GrepPINg through binaries

tl;dr: Oh, no! Antidebugging! Fuck it, we will use DBI.

Intro

So let’s say that you find a marketing stunt on the net, coming from a security academy online. It consists of a binary file consuming a “license file”. Your mission, should you decide to accept it is to craft that license file and get the “good boy” message.
Problem: almost every antidebugging/obfuscation/annoyance has been used in the binary in order to avoid its analysis.
We could now of course spend countless hours trying to defeat these antidebugging mechanisms and deobfuscate the assembly. But let’s be honest here, who in his right mind likes to deobfuscate binaries? (answer: Jurriaan Bremer a.k.a. @skier_t does)

Another approach would be to avoid the whole drama at once and use a combination of static reversing and dynamic binary instrumentation (DBI).
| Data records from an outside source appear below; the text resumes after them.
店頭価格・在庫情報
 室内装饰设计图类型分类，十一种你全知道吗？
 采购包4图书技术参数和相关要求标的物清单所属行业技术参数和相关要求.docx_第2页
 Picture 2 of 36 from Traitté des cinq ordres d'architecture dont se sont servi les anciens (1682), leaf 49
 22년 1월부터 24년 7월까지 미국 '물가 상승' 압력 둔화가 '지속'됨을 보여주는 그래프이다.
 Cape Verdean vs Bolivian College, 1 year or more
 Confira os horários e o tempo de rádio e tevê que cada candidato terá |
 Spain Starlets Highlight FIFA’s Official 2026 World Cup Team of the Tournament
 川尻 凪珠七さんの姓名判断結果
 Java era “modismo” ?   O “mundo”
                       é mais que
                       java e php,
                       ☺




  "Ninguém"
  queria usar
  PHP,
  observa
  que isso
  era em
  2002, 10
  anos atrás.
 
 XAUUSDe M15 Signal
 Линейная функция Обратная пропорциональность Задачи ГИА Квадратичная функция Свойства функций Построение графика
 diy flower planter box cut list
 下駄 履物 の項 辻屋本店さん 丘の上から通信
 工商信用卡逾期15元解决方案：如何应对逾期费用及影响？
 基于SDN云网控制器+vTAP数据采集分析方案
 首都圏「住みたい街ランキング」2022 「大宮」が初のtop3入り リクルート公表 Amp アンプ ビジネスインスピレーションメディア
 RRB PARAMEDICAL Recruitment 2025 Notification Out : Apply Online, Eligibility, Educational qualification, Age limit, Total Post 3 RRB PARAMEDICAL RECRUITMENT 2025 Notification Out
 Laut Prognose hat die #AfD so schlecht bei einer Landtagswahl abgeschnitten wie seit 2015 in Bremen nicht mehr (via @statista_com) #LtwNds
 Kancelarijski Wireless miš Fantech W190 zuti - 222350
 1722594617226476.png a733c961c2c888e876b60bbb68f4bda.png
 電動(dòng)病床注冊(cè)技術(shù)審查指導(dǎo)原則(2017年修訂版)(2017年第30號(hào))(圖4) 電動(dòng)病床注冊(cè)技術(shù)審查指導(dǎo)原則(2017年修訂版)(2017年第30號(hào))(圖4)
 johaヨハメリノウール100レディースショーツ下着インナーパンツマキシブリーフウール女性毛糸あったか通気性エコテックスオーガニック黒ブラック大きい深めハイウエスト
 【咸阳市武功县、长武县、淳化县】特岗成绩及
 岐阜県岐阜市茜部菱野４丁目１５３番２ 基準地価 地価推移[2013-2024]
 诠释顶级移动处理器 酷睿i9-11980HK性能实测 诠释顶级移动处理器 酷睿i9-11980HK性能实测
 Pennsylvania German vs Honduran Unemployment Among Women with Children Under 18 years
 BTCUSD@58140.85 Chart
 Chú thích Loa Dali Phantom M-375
To be more precise we will use Intel’s PIN.

First stop, IDA

We start of course by opening the file in IDA Pro for a first contact with the application.
It is apparently a simple C++ application. IDA does a good job of identifying and renaming most of the 500 functions with their standard C++ mangled name. There are a bunch of unidentified (sub_xxx) functions, those will implement the actual program logic and we will have to concentrate on those.

Functions

Since we can not use a debugger it would be at least useful to know which functions were executed and in which order, that is, to trace the binary execution. For that purpose we will use a slightly modified version of one of the PIN examples (named “PinTool_tracer.dll”, you can find and old version attached at the end of this post)

By using a bit of IDAPython it is easy to export a dictionary of function addresses and its corresponding names and import them to our trace file, ending with something like this:

WithFuncInfo

Is it just me or you see a pattern as well? What is this? (More on that later)

Of course we haven’t solved the challenge already, since we just improvised a “license file” with random contents but somewhere, the function that checks if the file contents are right had to be executed.

There are several ways to proceed at this point and I decided to give a shot to a tiny script. It is an IDAPython PoC showing how to “identify” cryptographic functions, just by counting the amount of “strange” instructions. Functions with a high percentage of these instructions (like xor, neg, shl, shr, etc.) will be shown for further analysis. It is a long shot but it takes five minutes.

This is the output:

[*] Analysing...

[!] Potential Crypto: sub_401450: 11.764706 %
[!] Potential Crypto: ___security_init_cookie: 11.111111 %
[!] Potential Crypto: __SEH_prolog4: 9.523810 %
[!] Potential Crypto: _findenv: 8.823529 %
[...]

The function

Not bad, most of the functions are somehow standard and created by the compiler but the first one on the list is a custom one… let’s check it out :)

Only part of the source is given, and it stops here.